Details about these reactions are given in Tables III.1 and III.2.

Appendix L Mathematica expressions for proton scattering probabilities

In Appendix I, we derived a way of calculating the probability that a beam proton will scatter from a scattering center in tissue at least a certain number of times. Here, we will give Mathematica expressions to perform this kind of calculation when the number of cells, $N$ , and the number of scattering centers spread among those cells, are tractable by Mathematica. This limits $N$ to be below about 100, and $n$ to be below about $60$ , so the expressions given make a useful test-bed for examining the model, but not for cases in which $N$ reaches billions or more.
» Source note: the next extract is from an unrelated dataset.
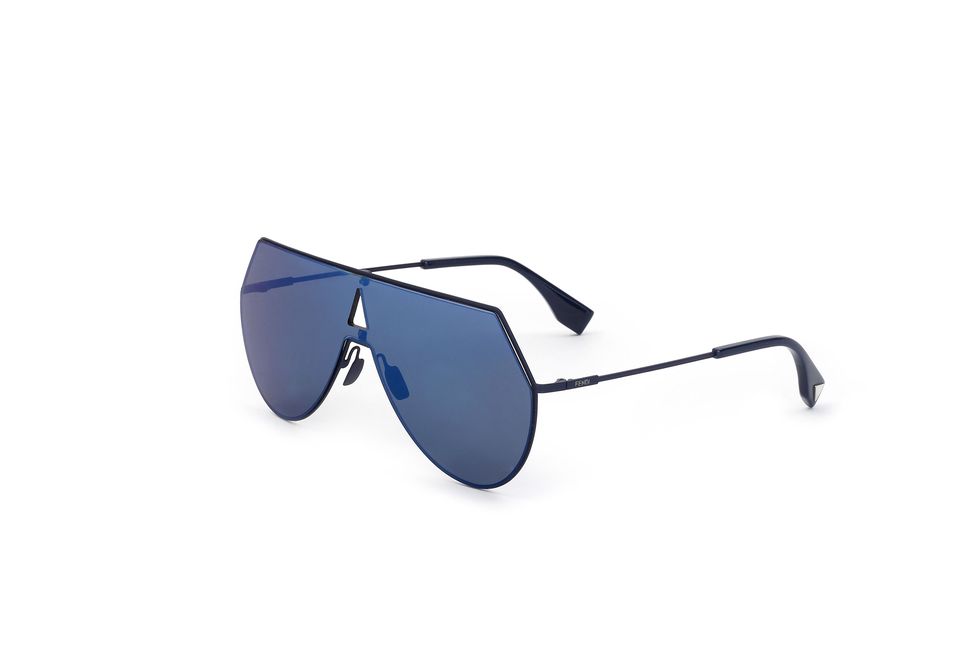 <p>藍色無框太陽眼鏡，價格未定，Fendi。</p>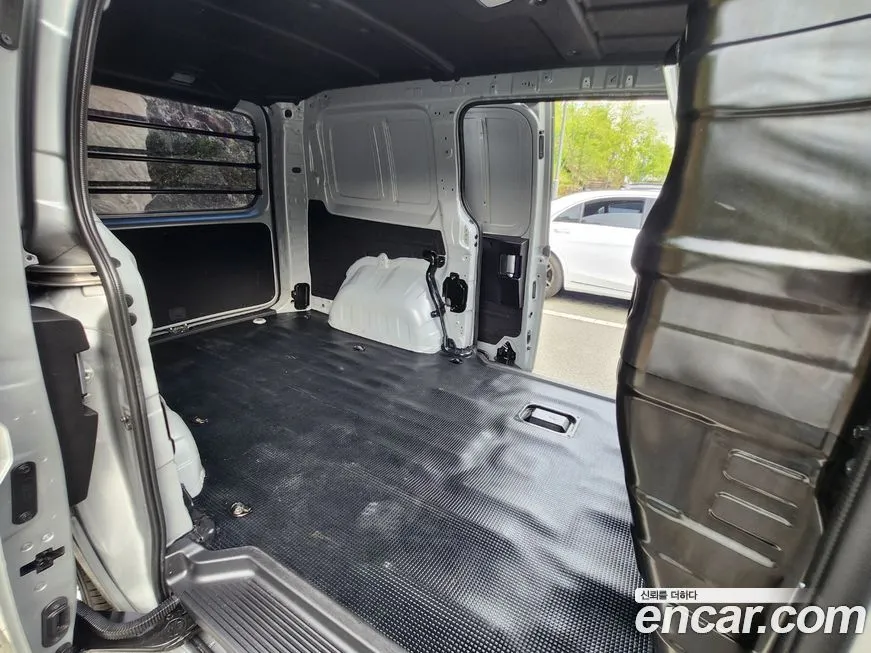 Hyundai Staria 2022 из KR, фото 9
We distribute $n$ scattering centers randomly over $N$ ‘cells’. A given distribution of scattering centers in cells is displayed with the notation $(k_{1},k_{2},\cdot,k_{N})$ , where the $k$ ’s are the number of scattering centers which have ended in a given cell. Since all cells have equivalent in a priori probability, the cell distributions can be ordered according to the size of the $k$ ’s as $k_{1}\geq k_{2}\cdots\geq k_{N}$ . The $k$ ’s are constrained by $\sum k_{i}=n$ . The total number of distinct distributions is some number $c$ . For a given distribution, some of the $k$ values may be the same. We say the $k$ scattering centers form a ‘cluster’. If so, put these clusters in groups. Each such group will be a collection of a certain number of cells. The number of such clusters we will call $m_{l}$ , the ‘multiplicity’ of the $k$ value. The $m_{l}$ values are constrained by $\sum m_{l}=c$ and by $\sum m_{l}k_{l}=n$ . It is useful to extend the set of $m_{l}$ values with zeros, with the multiplicity of zeros being $m_{0}=N-c$ . The number of equivalent configurations with the same $(k_{1},k_{2},\cdot,k_{N})$ created after a random distribution of the $n$ scattering centers among the $N$ cells is called $N_{c}$ , and was shown in Appendix I to be

N_{c}=\left(\begin{array}[]{c}N\\ m_{0}\cdots m_{N-1}\\ \end{array}\right)\left(\begin{array}[]{c}n\\ k_{1}\cdots k_{n}\\ \end{array}\right)\ ,

(134)

where $m_{i}$ is the ‘multiplicity’ of the cells with the same number $k$ of scattering centers. The $m_{l}$ are taken once for the whole set of such cells. In Mathematica, after setting values for variables $NN$ (for the value of $N$ ) and $n$ , the distinct configurations can be listed using

⬇

cf = IntegerPartitions[n, {NN}, Range[0, n]] ;

We have put $N\rightarrow NN$ to avoid the Mathematica function $N$ . A list of the values of $N_{c}$ for each distinct configuration will result from

⬇

Multinomial @@@ (Tally/@ cf)[[All,All,2]]*Multinomial @@@ cf

Now, in order to get the probability of at least $h$ hits by a beam proton, we define

⬇

pos[x_] := If[x >= h,1,0]

and use, sequentially, $h=0,1,2,\cdots$ . It follows that

⬇

Tr[Flatten[Multinomial @@@ (Tally/@ cf)[[All,All,2]]*Multinomial @@@ cf*

Map[pos,cf,{2}] ] ] / NN^(n + 1)

will give the probability that a beam proton will hit at least $h$ scattering centers. The implied factor $N_{c}/N^{n}$ is the probability that a given configuration appears in the random distribution of scattering centers, and the implied factor $n_{h}/N$ gives the probability that a beam proton will hit a cell containing at least $n_{h}$ scattering centers. For $n\gtrapprox 70$ , the above Mathematica formula has computation times in minutes or hours on a PC.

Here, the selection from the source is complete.